Students in Northeastern graduate and undergraduate programs during the school's state-ordered pandemic shutdown and transition to online classes say the university can't rely on a disclaimer that protects the school in the event it is required to adapt its instruction on an emergency basis.

To get to that disclaimer, the students said they must click on an agreement to access the school's online portal for class registration and grading, then click through multiple links before they are greeted with explicit statements that the terms are not a contract.

"Northeastern's agreements were ambiguous, failed to provide reasonably conspicuous notice of the terms Northeastern now seeks to enforce, and thus plaintiffs did not unambiguously assent," the students wrote in their opposition to the school's summary judgment bid. "Each of these agreements are at best contracts of adhesion because Northeastern presented all terms on a take-it-or-leave-it basis."

The fact that the terms also highly favor Northeastern makes the purported contract less enforceable, the students say.

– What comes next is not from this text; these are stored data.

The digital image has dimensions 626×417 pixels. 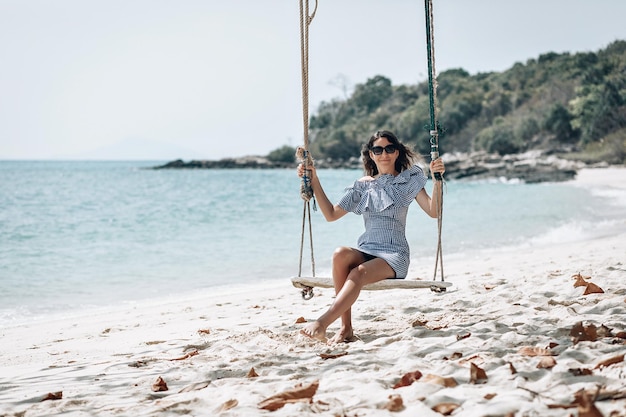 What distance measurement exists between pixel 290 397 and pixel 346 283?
1.10 metres

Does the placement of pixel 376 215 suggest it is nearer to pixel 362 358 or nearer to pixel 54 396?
pixel 362 358

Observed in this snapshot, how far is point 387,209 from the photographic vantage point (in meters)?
3.78

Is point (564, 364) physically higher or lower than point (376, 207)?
lower

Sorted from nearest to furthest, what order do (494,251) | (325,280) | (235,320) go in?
(325,280)
(235,320)
(494,251)

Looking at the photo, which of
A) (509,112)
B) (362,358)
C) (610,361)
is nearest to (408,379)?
(362,358)

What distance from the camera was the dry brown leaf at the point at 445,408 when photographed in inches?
82.0

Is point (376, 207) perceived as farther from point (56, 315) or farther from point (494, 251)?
point (494, 251)

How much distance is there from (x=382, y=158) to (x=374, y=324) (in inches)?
38.7

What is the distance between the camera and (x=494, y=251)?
8.99m

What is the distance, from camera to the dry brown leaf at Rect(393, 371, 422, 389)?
241cm

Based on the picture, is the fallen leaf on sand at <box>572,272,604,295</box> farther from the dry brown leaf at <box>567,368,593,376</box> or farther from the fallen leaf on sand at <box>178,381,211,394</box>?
the fallen leaf on sand at <box>178,381,211,394</box>

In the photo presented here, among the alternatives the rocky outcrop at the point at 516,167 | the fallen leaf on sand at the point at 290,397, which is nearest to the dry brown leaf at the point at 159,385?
the fallen leaf on sand at the point at 290,397

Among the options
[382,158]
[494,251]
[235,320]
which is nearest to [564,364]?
[382,158]

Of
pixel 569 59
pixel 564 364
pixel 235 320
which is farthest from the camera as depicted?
pixel 569 59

"That Northeastern is able to extract a (purported) contractual concession that it can both keep students' money and not provide the services is substantively unconscionable," the students said.

The ambiguity and one-sidedness of the purported contract, as well as what the students say are remaining factual disputes, are enough to sink Northeastern's bid for a quick, pretrial win in the case, according to Wednesday's filing.

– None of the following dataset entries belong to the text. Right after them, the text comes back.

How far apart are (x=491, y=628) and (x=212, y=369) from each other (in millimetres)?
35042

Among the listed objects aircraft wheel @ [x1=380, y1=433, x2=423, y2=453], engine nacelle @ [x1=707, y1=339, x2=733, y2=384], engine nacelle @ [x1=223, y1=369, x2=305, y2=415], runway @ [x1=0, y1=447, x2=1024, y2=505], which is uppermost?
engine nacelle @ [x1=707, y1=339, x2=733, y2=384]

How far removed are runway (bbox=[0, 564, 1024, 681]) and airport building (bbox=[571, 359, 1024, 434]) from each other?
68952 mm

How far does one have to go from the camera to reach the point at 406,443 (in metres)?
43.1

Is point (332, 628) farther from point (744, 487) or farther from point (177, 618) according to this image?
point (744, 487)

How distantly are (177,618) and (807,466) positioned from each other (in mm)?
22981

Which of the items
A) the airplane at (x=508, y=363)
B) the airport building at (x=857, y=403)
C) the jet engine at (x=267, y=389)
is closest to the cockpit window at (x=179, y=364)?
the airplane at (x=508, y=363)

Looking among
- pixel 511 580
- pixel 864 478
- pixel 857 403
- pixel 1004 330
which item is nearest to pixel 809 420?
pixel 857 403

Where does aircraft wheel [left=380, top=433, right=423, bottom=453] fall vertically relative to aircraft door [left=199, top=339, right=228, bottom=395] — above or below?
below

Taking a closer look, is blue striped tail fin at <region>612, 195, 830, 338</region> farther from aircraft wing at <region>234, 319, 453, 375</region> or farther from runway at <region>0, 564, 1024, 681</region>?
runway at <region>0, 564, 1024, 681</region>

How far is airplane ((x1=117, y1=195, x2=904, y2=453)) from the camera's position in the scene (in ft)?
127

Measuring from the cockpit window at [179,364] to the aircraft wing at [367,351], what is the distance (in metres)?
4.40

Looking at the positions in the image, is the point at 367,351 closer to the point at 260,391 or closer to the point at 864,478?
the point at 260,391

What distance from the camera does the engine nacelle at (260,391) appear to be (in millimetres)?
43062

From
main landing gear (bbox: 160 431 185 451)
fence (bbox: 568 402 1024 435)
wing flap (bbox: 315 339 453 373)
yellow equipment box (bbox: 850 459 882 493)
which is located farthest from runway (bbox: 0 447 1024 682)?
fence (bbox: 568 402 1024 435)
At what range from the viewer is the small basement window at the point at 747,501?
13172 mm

The students, two undergraduates and one graduate student, sued Northeastern in May on the basis that they lost out on valuable in-person instruction and the use of the school's facilities when the pandemic forced everything online, and that they should be entitled to some money back.

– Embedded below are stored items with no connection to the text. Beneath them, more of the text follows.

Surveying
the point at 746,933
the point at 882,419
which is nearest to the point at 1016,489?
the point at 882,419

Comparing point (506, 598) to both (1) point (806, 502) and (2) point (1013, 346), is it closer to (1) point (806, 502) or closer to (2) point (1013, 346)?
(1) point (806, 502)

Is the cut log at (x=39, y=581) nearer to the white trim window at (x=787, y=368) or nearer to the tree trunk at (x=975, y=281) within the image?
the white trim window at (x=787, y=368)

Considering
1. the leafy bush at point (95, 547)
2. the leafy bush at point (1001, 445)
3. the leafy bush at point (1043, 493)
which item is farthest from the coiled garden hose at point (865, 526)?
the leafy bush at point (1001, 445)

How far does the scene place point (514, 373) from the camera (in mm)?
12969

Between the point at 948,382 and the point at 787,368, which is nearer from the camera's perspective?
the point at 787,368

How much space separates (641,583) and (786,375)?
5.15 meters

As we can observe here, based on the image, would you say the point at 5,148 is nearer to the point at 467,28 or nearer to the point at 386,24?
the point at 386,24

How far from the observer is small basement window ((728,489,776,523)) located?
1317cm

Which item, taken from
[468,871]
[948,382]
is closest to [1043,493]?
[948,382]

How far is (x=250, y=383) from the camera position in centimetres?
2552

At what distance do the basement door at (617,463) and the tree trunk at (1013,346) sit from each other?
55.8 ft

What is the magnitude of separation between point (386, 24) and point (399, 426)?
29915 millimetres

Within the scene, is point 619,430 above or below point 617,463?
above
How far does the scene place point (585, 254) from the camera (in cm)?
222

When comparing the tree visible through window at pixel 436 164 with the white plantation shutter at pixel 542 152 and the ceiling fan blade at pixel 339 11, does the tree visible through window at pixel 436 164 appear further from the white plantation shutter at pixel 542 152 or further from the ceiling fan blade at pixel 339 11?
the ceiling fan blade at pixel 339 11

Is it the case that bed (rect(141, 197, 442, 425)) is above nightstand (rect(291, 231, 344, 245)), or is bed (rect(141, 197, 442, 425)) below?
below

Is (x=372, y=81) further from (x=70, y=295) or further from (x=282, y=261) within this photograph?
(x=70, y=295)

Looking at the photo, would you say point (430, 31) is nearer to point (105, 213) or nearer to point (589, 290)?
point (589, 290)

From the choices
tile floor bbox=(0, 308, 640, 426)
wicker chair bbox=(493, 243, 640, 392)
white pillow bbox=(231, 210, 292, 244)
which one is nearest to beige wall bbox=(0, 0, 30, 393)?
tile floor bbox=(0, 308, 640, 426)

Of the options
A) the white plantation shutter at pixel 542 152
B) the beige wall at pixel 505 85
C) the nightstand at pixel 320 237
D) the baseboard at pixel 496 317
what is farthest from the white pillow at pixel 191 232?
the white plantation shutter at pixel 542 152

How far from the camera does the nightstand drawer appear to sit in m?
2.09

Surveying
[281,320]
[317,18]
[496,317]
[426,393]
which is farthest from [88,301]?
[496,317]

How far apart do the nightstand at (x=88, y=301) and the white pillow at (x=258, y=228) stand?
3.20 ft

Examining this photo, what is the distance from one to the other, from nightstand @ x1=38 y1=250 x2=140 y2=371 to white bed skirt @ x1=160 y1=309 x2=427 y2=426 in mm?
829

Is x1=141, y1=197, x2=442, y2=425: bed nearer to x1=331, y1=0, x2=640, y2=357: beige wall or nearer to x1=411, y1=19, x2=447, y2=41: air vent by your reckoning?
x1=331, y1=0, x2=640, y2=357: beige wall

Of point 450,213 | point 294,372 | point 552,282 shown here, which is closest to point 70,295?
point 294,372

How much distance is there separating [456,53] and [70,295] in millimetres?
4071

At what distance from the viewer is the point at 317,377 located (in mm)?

The school is one of several nationwide facing claims that money spent during the ill-fated spring 2020 semester should be refunded because students were denied in-person instruction amid the health crisis.

Northeastern lost its motion to dismiss the suit in December as U.S. District Judge Richard G. Stearns said it was an open question whether an annual financial agreement might have required the school to provide in-person education. 

The students are represented by Gary M. Klinger and Gary E. Mason of Mason Lietz & Klinger LLP, W. Clifton Holmes of The Holmes Law Group Ltd. and Douglas F. Hartman of Hartman Law PC.

Northeastern University is represented by Daniel J. Cloherty, Rebecca M. O'Brien and Victoria L. Steinberg of Todd & Weld LLP and John A. Shope and Rachel C. Hutchinson of Foley Hoag LLP.

The case is Chong et al. v. Northeastern University, case number 1:20-cv-10844, in the U.S. District Court for the District of Massachusetts.